### Data in this exercise

********

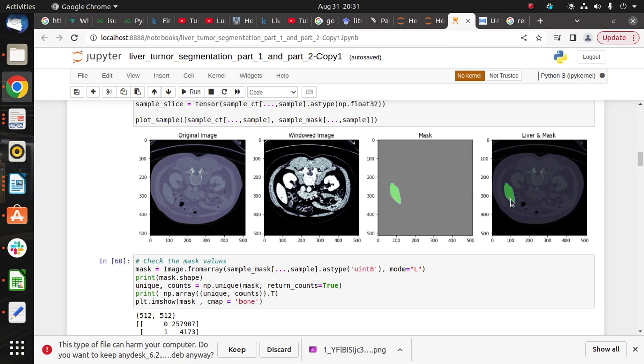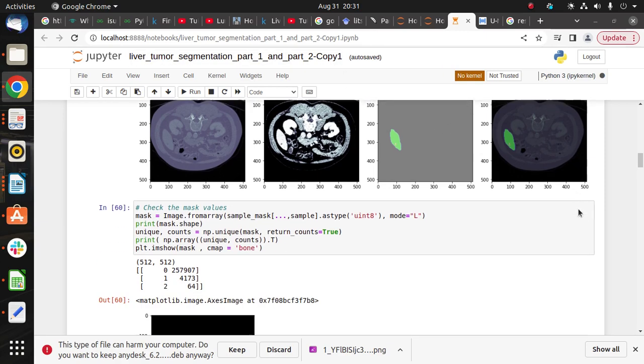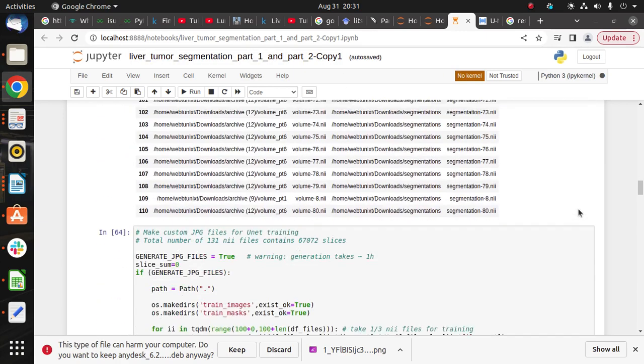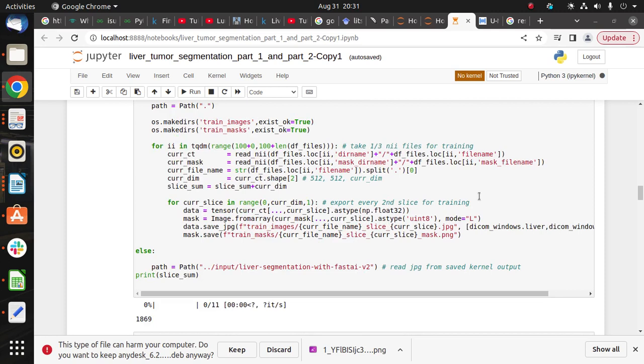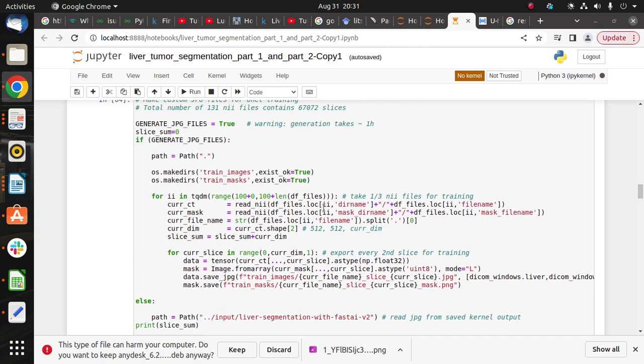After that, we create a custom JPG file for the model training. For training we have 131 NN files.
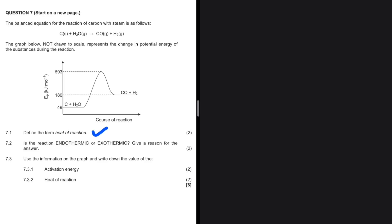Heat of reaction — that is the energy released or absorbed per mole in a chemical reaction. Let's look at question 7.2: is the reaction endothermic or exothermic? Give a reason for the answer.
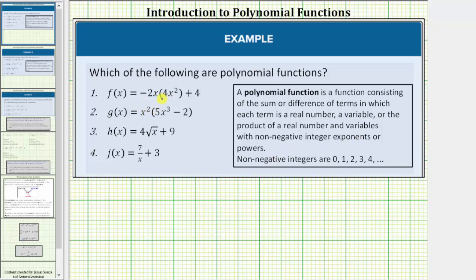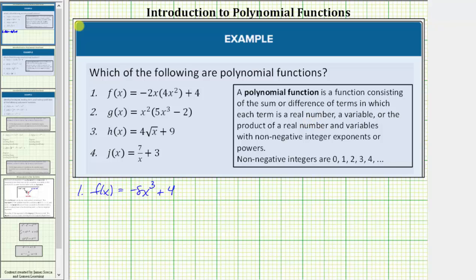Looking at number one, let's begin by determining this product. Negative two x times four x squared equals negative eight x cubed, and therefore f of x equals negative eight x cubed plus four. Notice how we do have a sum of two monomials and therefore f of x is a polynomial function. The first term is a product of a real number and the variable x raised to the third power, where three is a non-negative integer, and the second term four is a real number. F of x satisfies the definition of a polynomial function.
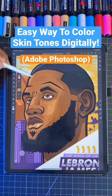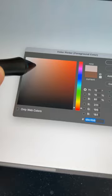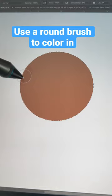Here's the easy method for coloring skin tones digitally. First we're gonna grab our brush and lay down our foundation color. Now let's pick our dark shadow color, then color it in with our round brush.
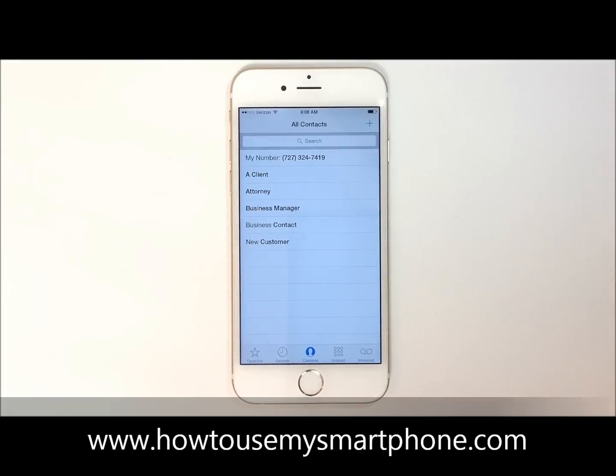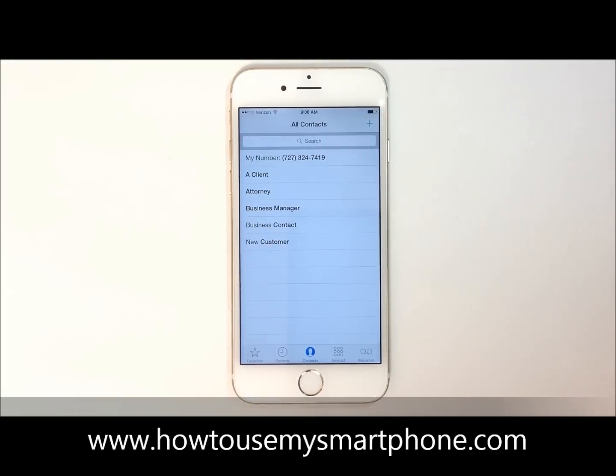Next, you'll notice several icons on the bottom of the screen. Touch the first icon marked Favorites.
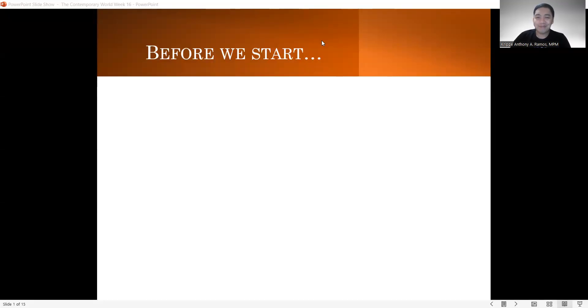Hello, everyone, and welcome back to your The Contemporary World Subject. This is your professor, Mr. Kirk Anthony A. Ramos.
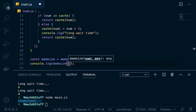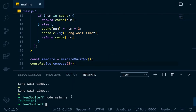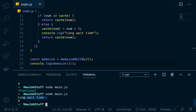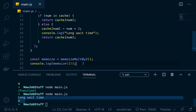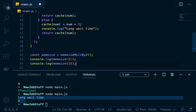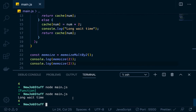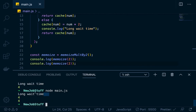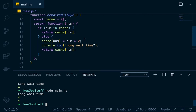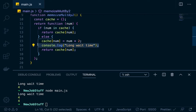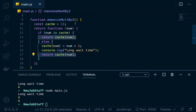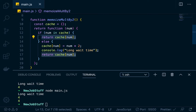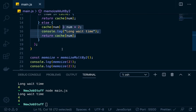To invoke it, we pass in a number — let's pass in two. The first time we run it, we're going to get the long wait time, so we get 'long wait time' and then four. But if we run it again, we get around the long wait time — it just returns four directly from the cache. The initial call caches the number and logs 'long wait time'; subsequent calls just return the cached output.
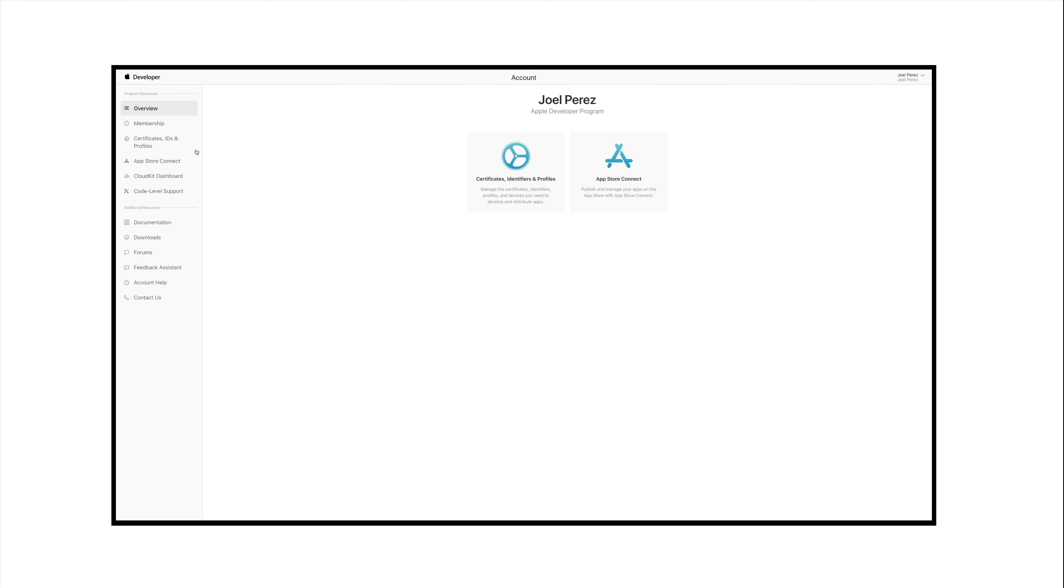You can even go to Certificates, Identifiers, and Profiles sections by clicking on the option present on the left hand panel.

********

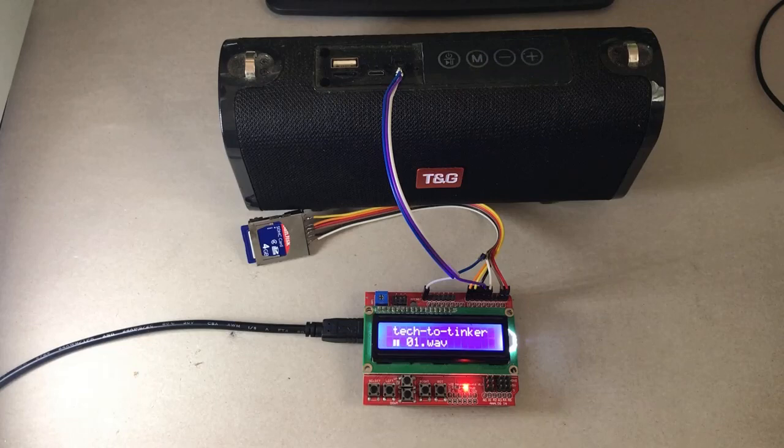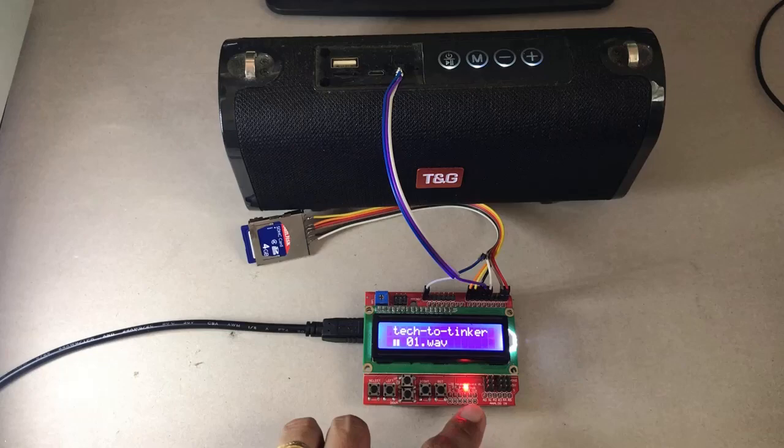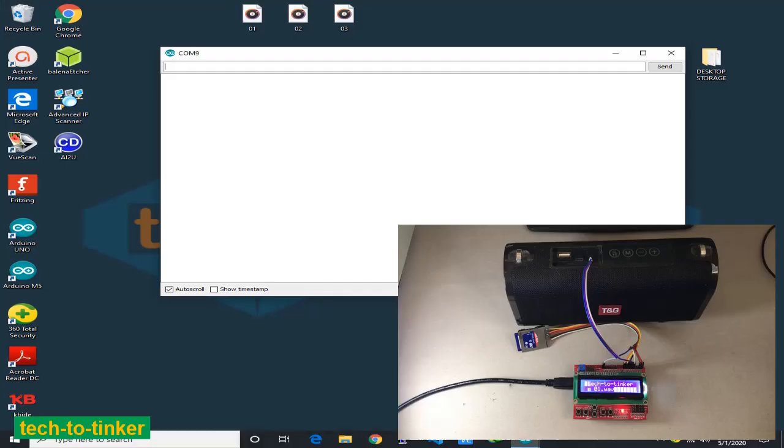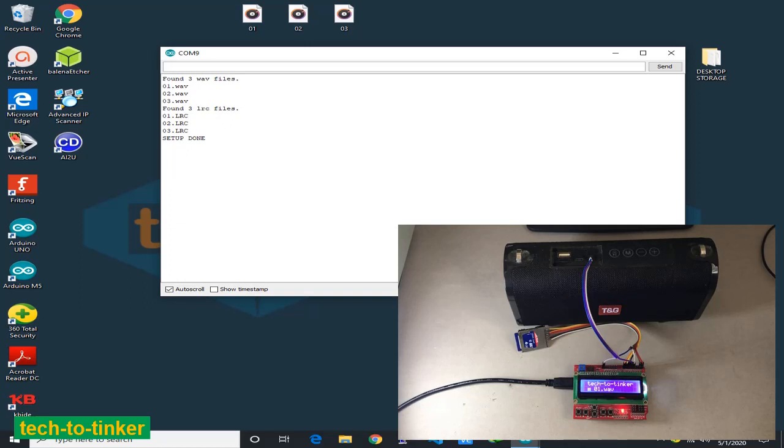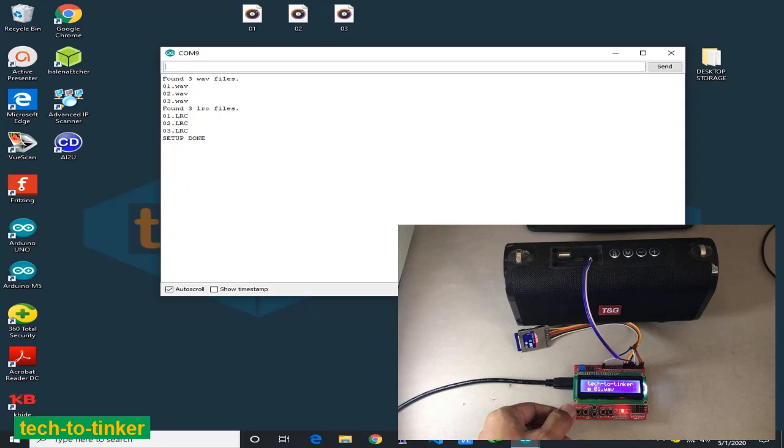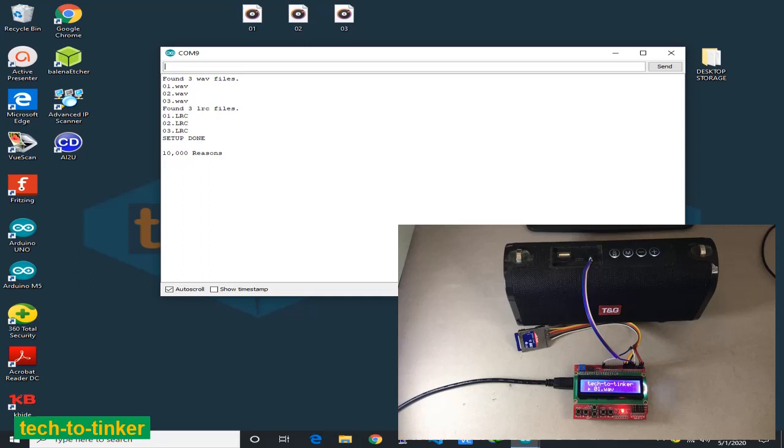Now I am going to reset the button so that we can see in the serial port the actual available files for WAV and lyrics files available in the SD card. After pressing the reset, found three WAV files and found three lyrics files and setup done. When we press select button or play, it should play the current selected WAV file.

********

### Task requirements
Those lines of the records above that run from the one containing "After that, we" through the one containing "You can even" should be returned exactly, with no pictures among them.

### Response to this exercise
After that, we create a custom JPG file for the model training. For training we have 131 NN files.
Heat of reaction — that is the energy released or absorbed per mole in a chemical reaction. Let's look at question 7.2: is the reaction endothermic or exothermic? Give a reason for the answer.
Looking at number one, let's begin by determining this product. Negative two x times four x squared equals negative eight x cubed, and therefore f of x equals negative eight x cubed plus four. Notice how we do have a sum of two monomials and therefore f of x is a polynomial function. The first term is a product of a real number and the variable x raised to the third power, where three is a non-negative integer, and the second term four is a real number. F of x satisfies the definition of a polynomial function.
Here's the easy method for coloring skin tones digitally. First we're gonna grab our brush and lay down our foundation color. Now let's pick our dark shadow color, then color it in with our round brush.
Next, you'll notice several icons on the bottom of the screen. Touch the first icon marked Favorites.
Hello, everyone, and welcome back to your The Contemporary World Subject. This is your professor, Mr. Kirk Anthony A. Ramos.
To invoke it, we pass in a number — let's pass in two. The first time we run it, we're going to get the long wait time, so we get 'long wait time' and then four. But if we run it again, we get around the long wait time — it just returns four directly from the cache. The initial call caches the number and logs 'long wait time'; subsequent calls just return the cached output.
You can even go to Certificates, Identifiers, and Profiles sections by clicking on the option present on the left hand panel.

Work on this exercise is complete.